The PARP1 protein consists of multiple structural modules constituting an N-terminal DNA-binding domain and a C-terminal catalytic domain in addition to the central BRCT domain [55, 57]. The coordinating function of PARP1 in BER can be realized via direct interaction with some enzymes (PNKP, Polβ, LigIIIα, and TDP1) or indirect interaction mediated by the XRCC1 protein. The binding sites for main BER enzymes (Polβ and LigIIIα) and the scaffold XRCC1 protein are localized in the DNA binding and BRCT domains, while that for TDP1 is completed by the catalytic domain of PARP1 (Table 1). As a consequence, TDP1 is capable of the formation of a stable ternary complex with PARP1 and XRCC1 [53]. The overlapped binding sites for the majority of PARP1 partners create prerequisites for dynamic contacts in the preformed multiprotein assemblies, which can be stabilized in the complex with automodified PARP1 (PAR-PARP1). Many BER participants such as XRCC1, Polβ, PNKP, APTX, TDP1, LigIIIα, and LigI contain PAR-binding motifs, and some of them (XRCC1, LigIIIα, and TDP1) have been shown to interact with PAR-PARP1 more efficiently than with the unmodified PARP1 [46, 47, 58, 59]. The poly(ADP-ribose) acceptors have been identified in all the structural domains of PARP1; this expands significantly the platform for the formation of the “repairosomes” [60]. In contrast to PARP1, PARP2 does not have the BRCT domain and specialized zinc-fingers for DNA binding [15, 61]. The nonconserved WGR domain of PARP2 is responsible for the interaction with proteins (Table 1) as well as for DNA break detection [15]. The function of PARP2 (similar to that of PARP1) in coordination of the DNA repair process can be further mediated through its interaction with XRCC1 [17].
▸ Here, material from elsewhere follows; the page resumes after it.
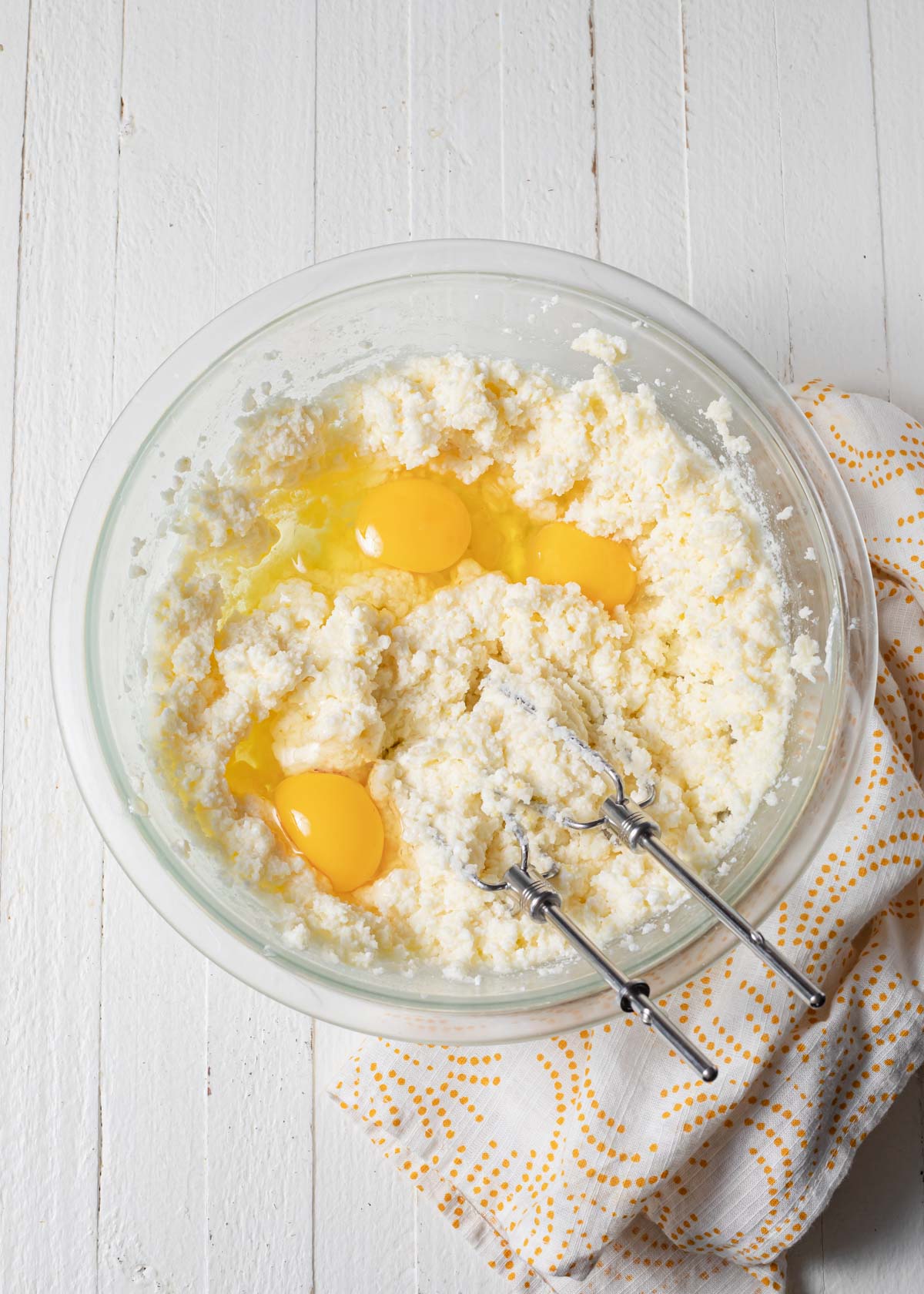 Adding eggs to ricotta cake mixture in a glass bowl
Direct interactions between the enzymes catalyzing different, usually sequential, steps of the BER process have been demonstrated in several studies (Table 1). Interestingly, the enzyme of the final step of SP BER—LigIIIα has direct binding partners among the enzymes involved in both the initial and middle steps of the process (NEIL1, NEIL2, PNKP, and TDP1), utilizing the BRCT domain for the interaction. Data reported recently indicate the ability of this enzyme to control the assembly of multiprotein complexes on single-strand DNA damages similar to PARP1, thus suggesting a scaffolding function of LigIIIα in the coordination of BER [62].
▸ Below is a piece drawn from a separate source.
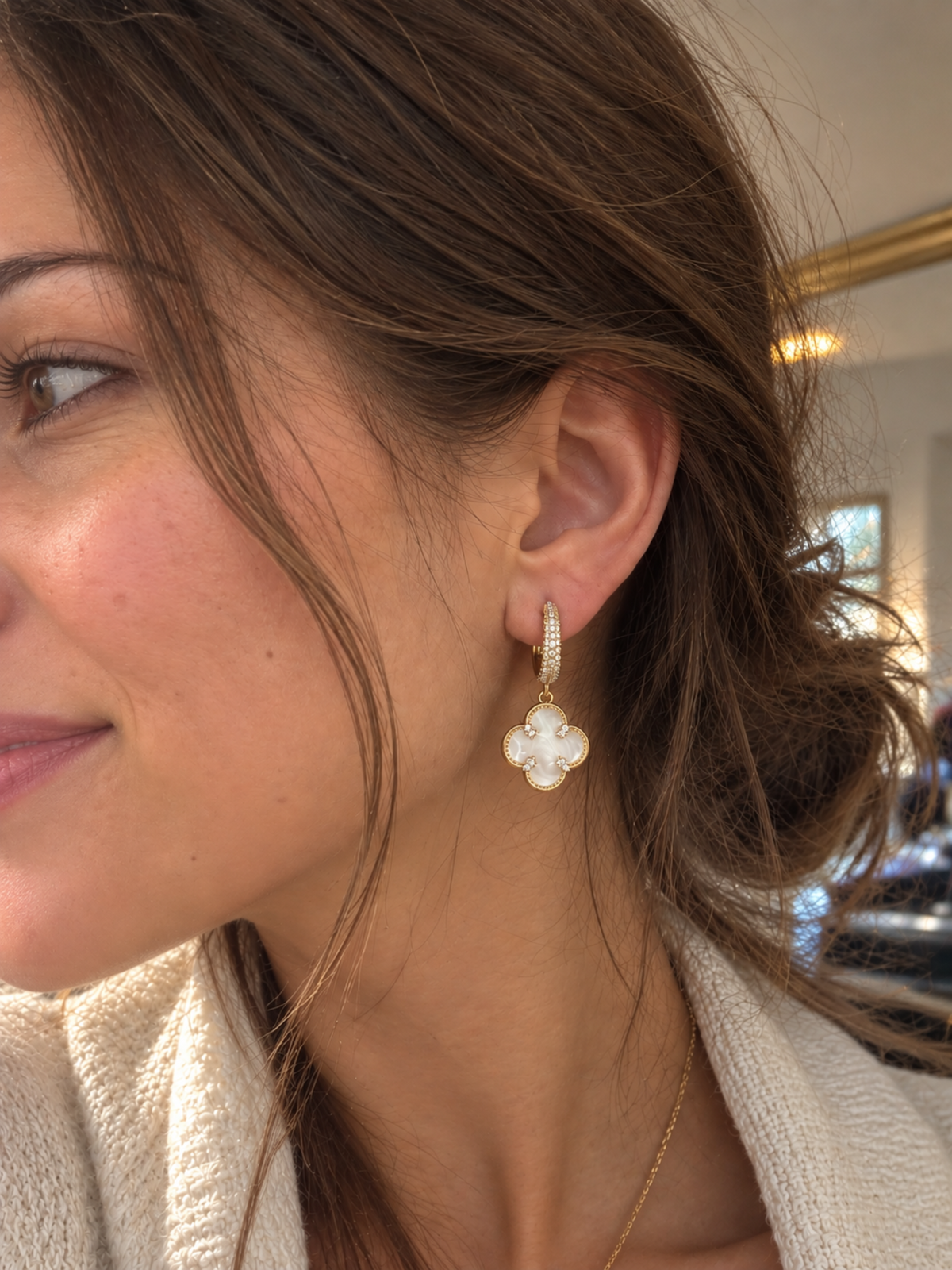 A close-up side profile of a woman wearing a gold and white clover-shaped drop earring with a small pavé band, set against an indoor background.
Most interactions between proteins involved in BER have been detected using the affinity coprecipitation, two-hybrid analysis, and immunoprecipitation techniques (Table 1). These techniques provide no information on physicochemical, structural, and conformational parameters of the complexes, leaving open many questions on the mechanisms of their functioning, such as the relative contribution of the proteins to the formation of macromolecular associates and their stoichiometry, the roles of dynamic interactions, conformational changes, and DNA intermediates in the formation of functional assemblies. Information on the structural organization of these complexes is very limited. The 3D structures determined by X-ray crystallography are known for the isolated domains/fragments of the XRCC1 protein in complexes with the respective domains of its stable partners Polβ, LigIIIα, and PNKP (Figure 3). It is interesting to note that the specific contact region of the XRCC1 protein with LigIIIα (not involved in XRCC1 homodimerization)—a polypeptide consisting of hydrophobic amino acid residues at the N-terminus of the BRCTb domain—was revealed in the X-ray study [42]. The binding sites localized in proteins by the traditional nonequilibrium techniques participate obviously in the most stable interactions. The available structural data are not sufficient to decipher the molecular mechanisms of BER coordination.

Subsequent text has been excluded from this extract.